NEW YORK: Oil fell on Monday as investors prepared for an extra 1 million barrels per day (bpd) of oil to hit markets after OPEC agreed to raise production and as US equity markets slipped on trade war fears.
Brent crude futures fell 82 cents, or 1.1%, to settle at $74.73 a barrel. US light crude settled at $68.08 a barrel, down 50 cents.
“The trade tensions and overall global market concerns are what’s holding crude back today,” said Bill Baruch, president of Blue Line Futures in Chicago.
US stocks sank in a broad sell-off on escalating US-China trade tensions.
“The expectation that we’ll see more crude out of OPEC and that supplies in the US will be tight because of the Syncrude outage … is going to keep the market on edge,” said Phil Flynn, analyst at Price Futures Group.
Losses in US crude prices were limited by the likelihood that an outage at Syncrude Canada’s 360,000 bpd oil sands facility would last through July. The outage is expected to limit crude arriving at Cushing, Oklahoma, delivery point of the US futures contract.
This helped further shrink US crude’s discount to global benchmark Brent to as small as $4.78. The spread was as wide as $11.57 on June 1, but had started contracting ahead of OPEC’s expected supply increase, analysts said.

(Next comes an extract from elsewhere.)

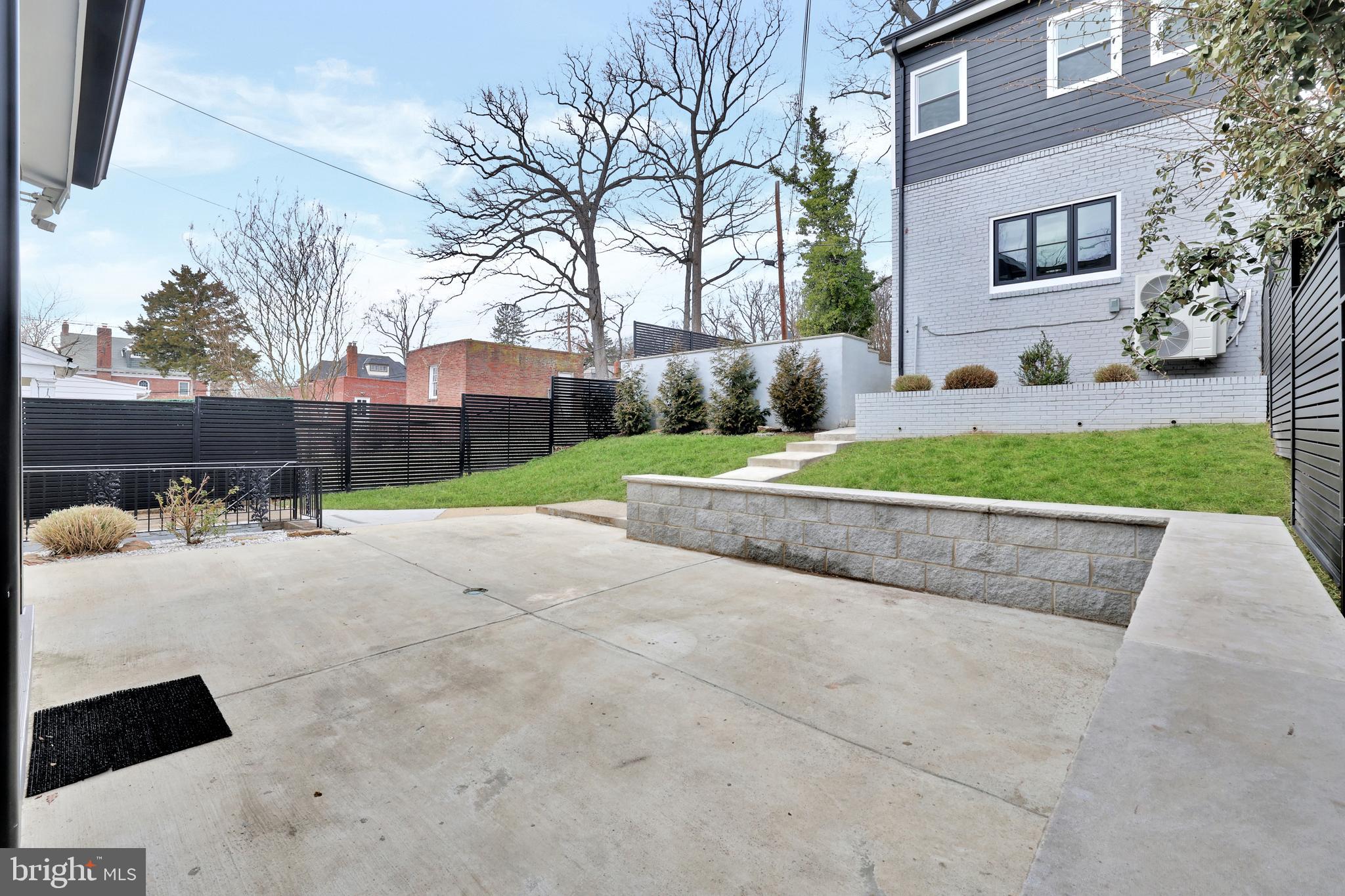 CRESTWOOD - Residential Lease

On Friday, the Organization of the Petroleum Exporting Countries and its allies agreed to modestly boost global oil supplies.
The group, which has been curbing output since 2017, said it would raise supply by returning to 100 percent compliance with agreed output cuts, after months of underproduction, largely due to unplanned disruptions in places including Venezuela and Angola.

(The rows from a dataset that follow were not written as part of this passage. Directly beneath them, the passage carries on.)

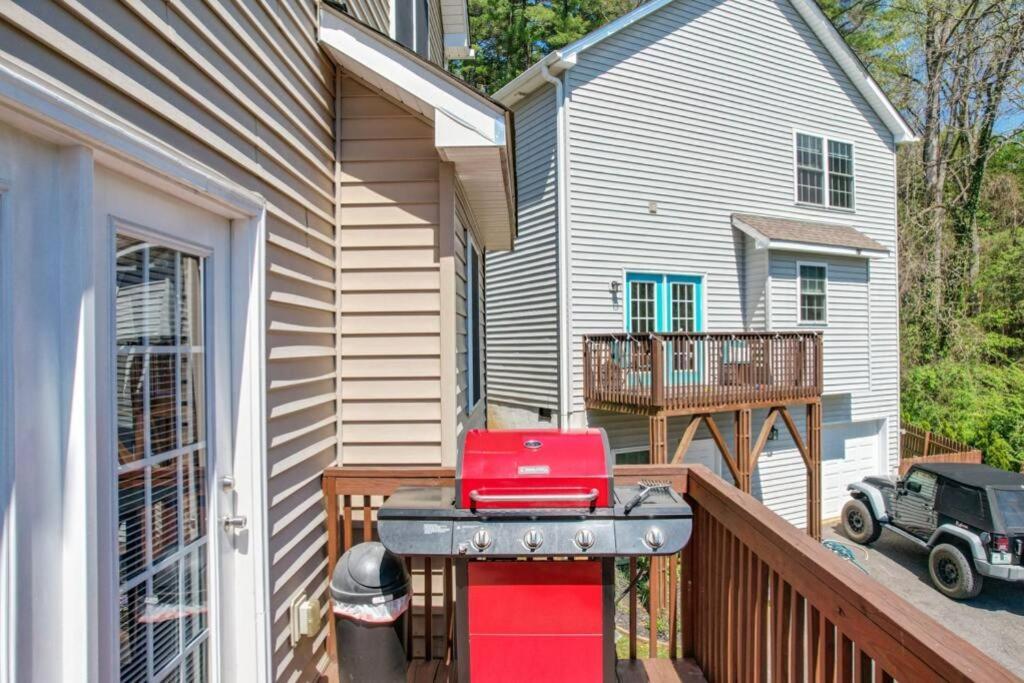 Spacious Mountain House - 10 Minutes From & Biltmore! * Asheville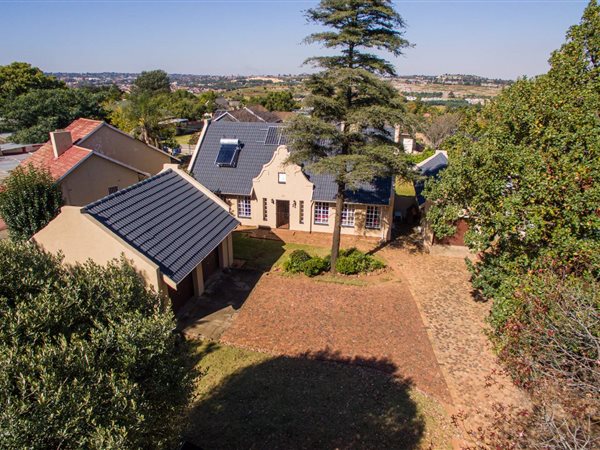 3 Bedroom House 3 Bedroom House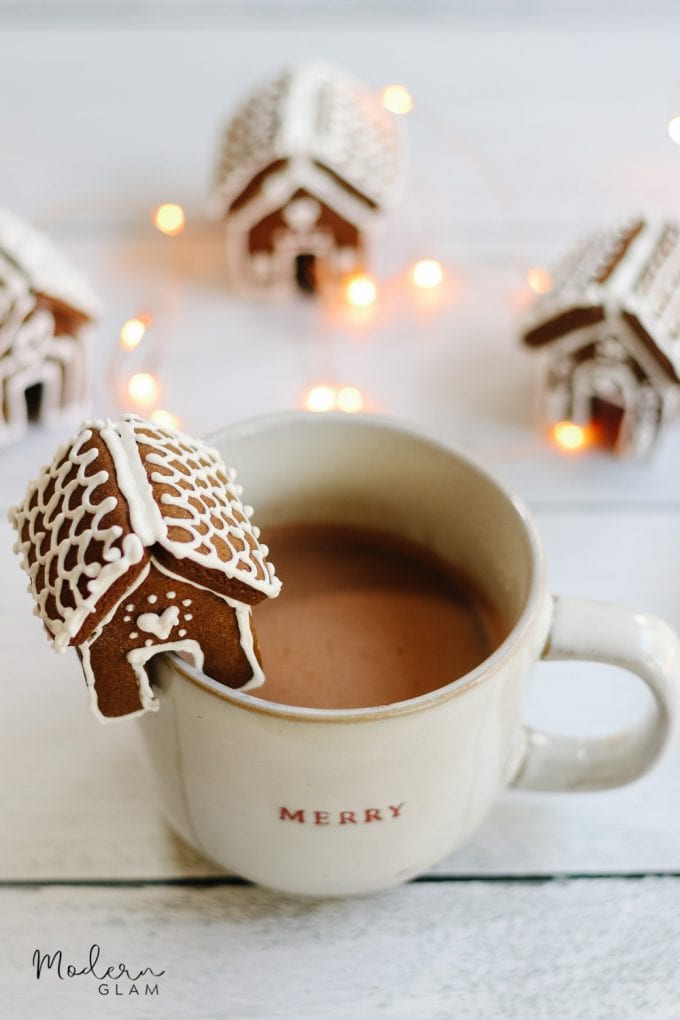 Gingerbread House Mug Topper – Tina's Chic Corner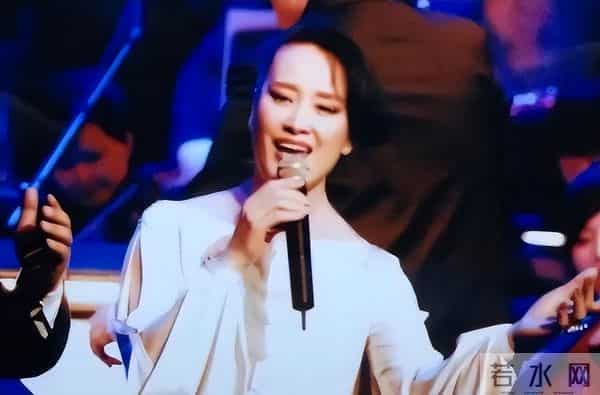 原来她早已去世！登春晚爆红，56岁在异国离世，死前透露一生遗憾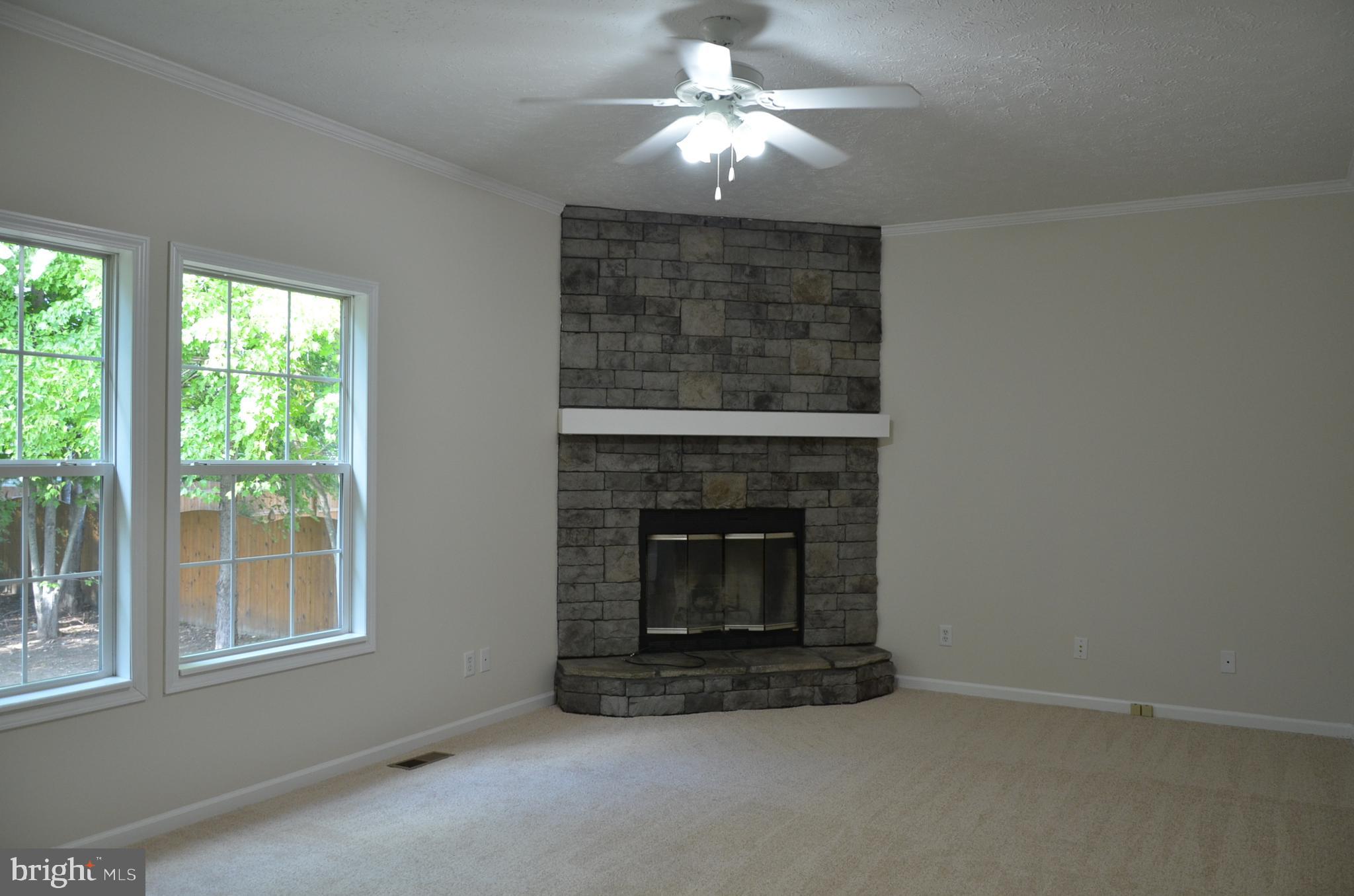 213 Azalea Road Colonial Beach, VA 22443 - Photo 3 of 21 Gallery Image 3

The head of Saudi oil giant Aramco said it has spare capacity of 2 million bpd and can meet additional demand in case of supply interruptions.
Still, US bank Goldman Sachs anticipates an oil market deficit.

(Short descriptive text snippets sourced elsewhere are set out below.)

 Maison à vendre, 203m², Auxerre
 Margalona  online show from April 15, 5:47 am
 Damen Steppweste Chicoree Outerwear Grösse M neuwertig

“Saturday’s OPEC+ press conference provided more clarity on the decision to increase production, with guidance for a full 1 million bpd ramp-up in 2H18,” Goldman said in a note on Sunday.
“This is a larger increase than presented Friday although the goal remains to stabilize inventories, not generate a surplus.”
US Energy Secretary Rick Perry said the deal may not be enough.
“Obviously we’ve got a market that is stressed from a standpoint of supply,” Perry said, and the agreement “may be a little short” of what is needed.